▶ _What you should do_: Read the lines below, and copy any that contain the string "Online".

Short text fragments from websites:
'''

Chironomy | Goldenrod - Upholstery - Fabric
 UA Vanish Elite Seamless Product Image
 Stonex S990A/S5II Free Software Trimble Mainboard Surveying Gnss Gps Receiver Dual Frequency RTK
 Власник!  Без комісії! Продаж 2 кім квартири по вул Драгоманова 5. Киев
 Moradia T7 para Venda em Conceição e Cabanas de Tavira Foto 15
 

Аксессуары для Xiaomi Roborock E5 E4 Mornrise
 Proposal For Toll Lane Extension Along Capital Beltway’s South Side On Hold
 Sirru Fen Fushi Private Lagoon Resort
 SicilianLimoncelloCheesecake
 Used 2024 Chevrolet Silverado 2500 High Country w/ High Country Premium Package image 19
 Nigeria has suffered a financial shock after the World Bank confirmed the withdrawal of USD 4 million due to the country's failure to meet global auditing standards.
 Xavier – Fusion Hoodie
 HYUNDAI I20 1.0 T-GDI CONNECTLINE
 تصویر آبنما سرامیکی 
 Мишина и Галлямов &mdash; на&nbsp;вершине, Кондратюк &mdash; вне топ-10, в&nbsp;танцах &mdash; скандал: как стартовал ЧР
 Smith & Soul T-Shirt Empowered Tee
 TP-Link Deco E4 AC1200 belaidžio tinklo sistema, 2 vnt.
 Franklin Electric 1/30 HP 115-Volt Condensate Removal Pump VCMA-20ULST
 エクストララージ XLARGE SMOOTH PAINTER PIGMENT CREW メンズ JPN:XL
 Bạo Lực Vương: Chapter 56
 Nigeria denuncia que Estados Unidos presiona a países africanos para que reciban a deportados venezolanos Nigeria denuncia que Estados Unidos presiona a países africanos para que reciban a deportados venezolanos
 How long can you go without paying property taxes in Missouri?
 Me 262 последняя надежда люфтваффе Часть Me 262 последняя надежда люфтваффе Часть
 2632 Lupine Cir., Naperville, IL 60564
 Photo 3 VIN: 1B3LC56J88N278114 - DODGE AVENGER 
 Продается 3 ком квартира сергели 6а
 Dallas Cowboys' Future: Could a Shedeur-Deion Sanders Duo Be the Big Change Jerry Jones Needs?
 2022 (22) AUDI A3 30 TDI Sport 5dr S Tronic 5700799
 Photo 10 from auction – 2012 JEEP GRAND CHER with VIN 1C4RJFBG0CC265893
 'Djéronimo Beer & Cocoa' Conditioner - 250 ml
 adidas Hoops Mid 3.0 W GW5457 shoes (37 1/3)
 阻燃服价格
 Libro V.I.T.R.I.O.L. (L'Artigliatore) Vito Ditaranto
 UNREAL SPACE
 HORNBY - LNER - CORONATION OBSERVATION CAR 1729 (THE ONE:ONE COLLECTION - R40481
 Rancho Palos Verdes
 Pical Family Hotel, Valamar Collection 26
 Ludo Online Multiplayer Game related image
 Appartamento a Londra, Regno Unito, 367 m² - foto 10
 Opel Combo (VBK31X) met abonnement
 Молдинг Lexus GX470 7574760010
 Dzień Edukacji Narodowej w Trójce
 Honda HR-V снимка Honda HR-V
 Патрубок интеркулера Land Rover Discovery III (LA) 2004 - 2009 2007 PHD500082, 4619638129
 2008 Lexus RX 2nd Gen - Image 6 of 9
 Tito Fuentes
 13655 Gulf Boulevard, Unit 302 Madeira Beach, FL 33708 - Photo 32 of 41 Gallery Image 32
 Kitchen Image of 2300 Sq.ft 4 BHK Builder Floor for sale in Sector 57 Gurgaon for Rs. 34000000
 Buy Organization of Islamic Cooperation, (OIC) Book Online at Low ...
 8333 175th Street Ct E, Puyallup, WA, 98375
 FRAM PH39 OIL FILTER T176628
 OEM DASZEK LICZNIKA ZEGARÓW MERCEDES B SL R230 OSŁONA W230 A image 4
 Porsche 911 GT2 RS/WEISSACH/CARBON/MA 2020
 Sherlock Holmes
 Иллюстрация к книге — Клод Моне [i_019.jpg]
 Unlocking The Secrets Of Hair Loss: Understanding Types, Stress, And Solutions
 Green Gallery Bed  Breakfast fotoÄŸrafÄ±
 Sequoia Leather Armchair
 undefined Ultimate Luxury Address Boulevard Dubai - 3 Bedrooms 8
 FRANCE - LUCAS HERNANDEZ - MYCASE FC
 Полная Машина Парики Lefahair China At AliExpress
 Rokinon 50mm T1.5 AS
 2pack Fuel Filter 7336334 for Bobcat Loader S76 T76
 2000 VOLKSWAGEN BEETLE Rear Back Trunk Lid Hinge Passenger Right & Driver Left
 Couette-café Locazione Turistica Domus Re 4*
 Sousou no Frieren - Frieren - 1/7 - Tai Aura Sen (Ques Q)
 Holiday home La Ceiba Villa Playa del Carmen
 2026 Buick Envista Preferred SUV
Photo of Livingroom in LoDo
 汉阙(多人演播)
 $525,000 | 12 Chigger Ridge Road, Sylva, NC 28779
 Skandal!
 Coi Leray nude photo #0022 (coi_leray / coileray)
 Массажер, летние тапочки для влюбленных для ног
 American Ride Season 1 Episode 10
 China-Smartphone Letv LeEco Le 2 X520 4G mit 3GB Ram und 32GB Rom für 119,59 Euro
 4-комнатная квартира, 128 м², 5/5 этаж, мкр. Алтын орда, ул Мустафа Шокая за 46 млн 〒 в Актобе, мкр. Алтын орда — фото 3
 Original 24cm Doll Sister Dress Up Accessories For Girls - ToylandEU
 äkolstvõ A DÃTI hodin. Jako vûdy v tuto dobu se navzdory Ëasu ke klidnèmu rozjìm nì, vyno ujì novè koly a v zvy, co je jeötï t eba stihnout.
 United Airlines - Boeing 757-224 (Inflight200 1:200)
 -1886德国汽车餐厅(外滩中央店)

'''

▶ _Result of this task_:
 Ludo Online Multiplayer Game related image
 Buy Organization of Islamic Cooperation, (OIC) Book Online at Low ...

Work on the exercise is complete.